#### [WHAT TO WORK ON]
From the entries that follow, reproduce exactly and only the lines from the line with "Sesame Street Cookie" to the line with "Tourist House Capricorn", endpoints included.

#### [RECORDS SUPPLIED]
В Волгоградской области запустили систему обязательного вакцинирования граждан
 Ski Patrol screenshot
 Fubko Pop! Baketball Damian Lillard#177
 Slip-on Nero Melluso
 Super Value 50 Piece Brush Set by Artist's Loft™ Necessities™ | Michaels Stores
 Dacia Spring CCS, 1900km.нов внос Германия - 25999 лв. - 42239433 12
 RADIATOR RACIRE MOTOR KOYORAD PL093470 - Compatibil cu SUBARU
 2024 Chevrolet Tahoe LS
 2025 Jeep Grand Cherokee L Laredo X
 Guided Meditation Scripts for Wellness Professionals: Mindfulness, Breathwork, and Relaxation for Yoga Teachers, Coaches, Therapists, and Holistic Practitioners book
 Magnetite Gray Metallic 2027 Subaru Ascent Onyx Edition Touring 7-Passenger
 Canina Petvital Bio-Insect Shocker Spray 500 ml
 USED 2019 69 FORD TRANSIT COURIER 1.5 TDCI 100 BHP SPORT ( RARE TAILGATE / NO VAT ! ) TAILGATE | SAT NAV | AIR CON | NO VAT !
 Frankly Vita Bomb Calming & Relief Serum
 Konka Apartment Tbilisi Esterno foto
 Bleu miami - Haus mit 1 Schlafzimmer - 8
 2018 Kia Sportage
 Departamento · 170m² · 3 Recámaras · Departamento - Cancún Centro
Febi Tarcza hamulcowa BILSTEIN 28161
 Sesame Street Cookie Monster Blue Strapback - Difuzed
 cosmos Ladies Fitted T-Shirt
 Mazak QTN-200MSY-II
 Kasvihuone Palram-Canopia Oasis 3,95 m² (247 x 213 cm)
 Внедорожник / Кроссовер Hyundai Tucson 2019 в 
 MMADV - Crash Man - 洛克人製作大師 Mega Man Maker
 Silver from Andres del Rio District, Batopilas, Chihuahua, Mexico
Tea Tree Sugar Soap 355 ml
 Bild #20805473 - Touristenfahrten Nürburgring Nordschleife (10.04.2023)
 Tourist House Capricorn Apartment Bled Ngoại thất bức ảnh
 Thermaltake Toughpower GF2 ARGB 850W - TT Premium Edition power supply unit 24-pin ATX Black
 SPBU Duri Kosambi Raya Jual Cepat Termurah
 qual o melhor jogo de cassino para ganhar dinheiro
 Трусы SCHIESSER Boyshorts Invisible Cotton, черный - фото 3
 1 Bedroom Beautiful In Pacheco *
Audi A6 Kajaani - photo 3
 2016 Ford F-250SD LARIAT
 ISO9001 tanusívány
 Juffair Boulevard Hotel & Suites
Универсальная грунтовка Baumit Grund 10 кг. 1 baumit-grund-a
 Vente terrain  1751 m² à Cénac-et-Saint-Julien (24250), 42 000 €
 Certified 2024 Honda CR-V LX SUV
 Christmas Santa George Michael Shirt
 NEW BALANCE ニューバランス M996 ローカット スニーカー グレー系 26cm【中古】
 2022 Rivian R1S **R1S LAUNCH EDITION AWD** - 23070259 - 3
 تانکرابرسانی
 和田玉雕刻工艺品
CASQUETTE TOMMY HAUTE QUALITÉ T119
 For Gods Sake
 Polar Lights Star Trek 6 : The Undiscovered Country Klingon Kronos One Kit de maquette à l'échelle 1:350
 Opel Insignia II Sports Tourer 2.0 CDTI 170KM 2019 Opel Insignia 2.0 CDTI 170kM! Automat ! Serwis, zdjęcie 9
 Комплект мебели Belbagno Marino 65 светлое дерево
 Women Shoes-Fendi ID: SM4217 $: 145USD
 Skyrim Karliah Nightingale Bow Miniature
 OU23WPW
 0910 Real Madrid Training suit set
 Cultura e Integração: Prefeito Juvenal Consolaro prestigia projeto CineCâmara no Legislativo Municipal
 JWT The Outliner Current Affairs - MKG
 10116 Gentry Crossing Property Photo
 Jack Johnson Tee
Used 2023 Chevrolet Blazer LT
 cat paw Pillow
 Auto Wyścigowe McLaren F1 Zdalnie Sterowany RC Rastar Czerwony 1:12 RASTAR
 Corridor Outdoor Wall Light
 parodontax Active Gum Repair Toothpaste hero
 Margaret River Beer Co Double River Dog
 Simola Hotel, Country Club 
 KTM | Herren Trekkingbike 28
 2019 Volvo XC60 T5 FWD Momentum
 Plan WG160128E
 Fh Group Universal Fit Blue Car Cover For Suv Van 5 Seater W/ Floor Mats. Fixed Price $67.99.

#### [ANSWER TO THIS TASK]
 Sesame Street Cookie Monster Blue Strapback - Difuzed
 cosmos Ladies Fitted T-Shirt
 Mazak QTN-200MSY-II
 Kasvihuone Palram-Canopia Oasis 3,95 m² (247 x 213 cm)
 Внедорожник / Кроссовер Hyundai Tucson 2019 в 
 MMADV - Crash Man - 洛克人製作大師 Mega Man Maker
 Silver from Andres del Rio District, Batopilas, Chihuahua, Mexico
Tea Tree Sugar Soap 355 ml
 Bild #20805473 - Touristenfahrten Nürburgring Nordschleife (10.04.2023)
 Tourist House Capricorn Apartment Bled Ngoại thất bức ảnh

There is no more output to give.